(Exercise): Each record, in full, must be restated word for word.

Short web captions:
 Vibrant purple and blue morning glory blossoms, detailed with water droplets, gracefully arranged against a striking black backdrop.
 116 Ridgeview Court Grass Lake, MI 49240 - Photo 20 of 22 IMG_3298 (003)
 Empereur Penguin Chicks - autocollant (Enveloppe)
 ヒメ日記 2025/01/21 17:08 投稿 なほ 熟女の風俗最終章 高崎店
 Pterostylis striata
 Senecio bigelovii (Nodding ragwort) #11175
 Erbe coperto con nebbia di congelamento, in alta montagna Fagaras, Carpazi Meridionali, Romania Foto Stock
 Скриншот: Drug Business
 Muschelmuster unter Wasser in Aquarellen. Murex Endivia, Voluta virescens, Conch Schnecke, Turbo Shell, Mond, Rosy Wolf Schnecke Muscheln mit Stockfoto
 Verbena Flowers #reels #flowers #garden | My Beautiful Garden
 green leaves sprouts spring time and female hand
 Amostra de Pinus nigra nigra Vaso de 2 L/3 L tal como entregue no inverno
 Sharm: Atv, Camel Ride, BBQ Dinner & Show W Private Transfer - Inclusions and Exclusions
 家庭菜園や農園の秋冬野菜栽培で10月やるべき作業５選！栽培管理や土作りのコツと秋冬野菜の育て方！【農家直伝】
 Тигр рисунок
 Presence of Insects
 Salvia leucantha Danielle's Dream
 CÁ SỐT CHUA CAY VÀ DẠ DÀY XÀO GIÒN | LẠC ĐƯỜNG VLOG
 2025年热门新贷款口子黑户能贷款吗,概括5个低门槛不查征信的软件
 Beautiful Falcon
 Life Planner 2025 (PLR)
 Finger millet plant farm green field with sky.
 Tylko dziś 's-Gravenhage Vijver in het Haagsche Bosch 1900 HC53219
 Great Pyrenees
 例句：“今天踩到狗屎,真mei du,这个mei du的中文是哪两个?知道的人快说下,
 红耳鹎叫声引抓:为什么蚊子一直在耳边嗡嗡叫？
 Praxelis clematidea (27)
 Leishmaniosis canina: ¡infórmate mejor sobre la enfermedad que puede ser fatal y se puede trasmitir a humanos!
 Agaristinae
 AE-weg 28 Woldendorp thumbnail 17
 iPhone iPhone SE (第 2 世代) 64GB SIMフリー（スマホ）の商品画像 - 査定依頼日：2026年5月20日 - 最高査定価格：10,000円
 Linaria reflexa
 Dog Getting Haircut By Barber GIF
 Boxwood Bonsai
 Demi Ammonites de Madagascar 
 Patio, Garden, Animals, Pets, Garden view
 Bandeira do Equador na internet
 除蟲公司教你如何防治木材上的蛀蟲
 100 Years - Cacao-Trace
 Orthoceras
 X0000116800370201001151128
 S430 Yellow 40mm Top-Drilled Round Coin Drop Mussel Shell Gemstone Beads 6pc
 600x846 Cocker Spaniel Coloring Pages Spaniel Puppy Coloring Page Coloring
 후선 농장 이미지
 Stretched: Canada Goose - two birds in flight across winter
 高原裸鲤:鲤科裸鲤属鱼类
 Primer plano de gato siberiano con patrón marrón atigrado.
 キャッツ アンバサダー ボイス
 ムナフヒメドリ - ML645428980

(Problem solution):
 Vibrant purple and blue morning glory blossoms, detailed with water droplets, gracefully arranged against a striking black backdrop.
 116 Ridgeview Court Grass Lake, MI 49240 - Photo 20 of 22 IMG_3298 (003)
 Empereur Penguin Chicks - autocollant (Enveloppe)
 ヒメ日記 2025/01/21 17:08 投稿 なほ 熟女の風俗最終章 高崎店
 Pterostylis striata
 Senecio bigelovii (Nodding ragwort) #11175
 Erbe coperto con nebbia di congelamento, in alta montagna Fagaras, Carpazi Meridionali, Romania Foto Stock
 Скриншот: Drug Business
 Muschelmuster unter Wasser in Aquarellen. Murex Endivia, Voluta virescens, Conch Schnecke, Turbo Shell, Mond, Rosy Wolf Schnecke Muscheln mit Stockfoto
 Verbena Flowers #reels #flowers #garden | My Beautiful Garden
 green leaves sprouts spring time and female hand
 Amostra de Pinus nigra nigra Vaso de 2 L/3 L tal como entregue no inverno
 Sharm: Atv, Camel Ride, BBQ Dinner & Show W Private Transfer - Inclusions and Exclusions
 家庭菜園や農園の秋冬野菜栽培で10月やるべき作業５選！栽培管理や土作りのコツと秋冬野菜の育て方！【農家直伝】
 Тигр рисунок
 Presence of Insects
 Salvia leucantha Danielle's Dream
 CÁ SỐT CHUA CAY VÀ DẠ DÀY XÀO GIÒN | LẠC ĐƯỜNG VLOG
 2025年热门新贷款口子黑户能贷款吗,概括5个低门槛不查征信的软件
 Beautiful Falcon
 Life Planner 2025 (PLR)
 Finger millet plant farm green field with sky.
 Tylko dziś 's-Gravenhage Vijver in het Haagsche Bosch 1900 HC53219
 Great Pyrenees
 例句：“今天踩到狗屎,真mei du,这个mei du的中文是哪两个?知道的人快说下,
 红耳鹎叫声引抓:为什么蚊子一直在耳边嗡嗡叫？
 Praxelis clematidea (27)
 Leishmaniosis canina: ¡infórmate mejor sobre la enfermedad que puede ser fatal y se puede trasmitir a humanos!
 Agaristinae
 AE-weg 28 Woldendorp thumbnail 17
 iPhone iPhone SE (第 2 世代) 64GB SIMフリー（スマホ）の商品画像 - 査定依頼日：2026年5月20日 - 最高査定価格：10,000円
 Linaria reflexa
 Dog Getting Haircut By Barber GIF
 Boxwood Bonsai
 Demi Ammonites de Madagascar 
 Patio, Garden, Animals, Pets, Garden view
 Bandeira do Equador na internet
 除蟲公司教你如何防治木材上的蛀蟲
 100 Years - Cacao-Trace
 Orthoceras
 X0000116800370201001151128
 S430 Yellow 40mm Top-Drilled Round Coin Drop Mussel Shell Gemstone Beads 6pc
 600x846 Cocker Spaniel Coloring Pages Spaniel Puppy Coloring Page Coloring
 후선 농장 이미지
 Stretched: Canada Goose - two birds in flight across winter
 高原裸鲤:鲤科裸鲤属鱼类
 Primer plano de gato siberiano con patrón marrón atigrado.
 キャッツ アンバサダー ボイス
 ムナフヒメドリ - ML645428980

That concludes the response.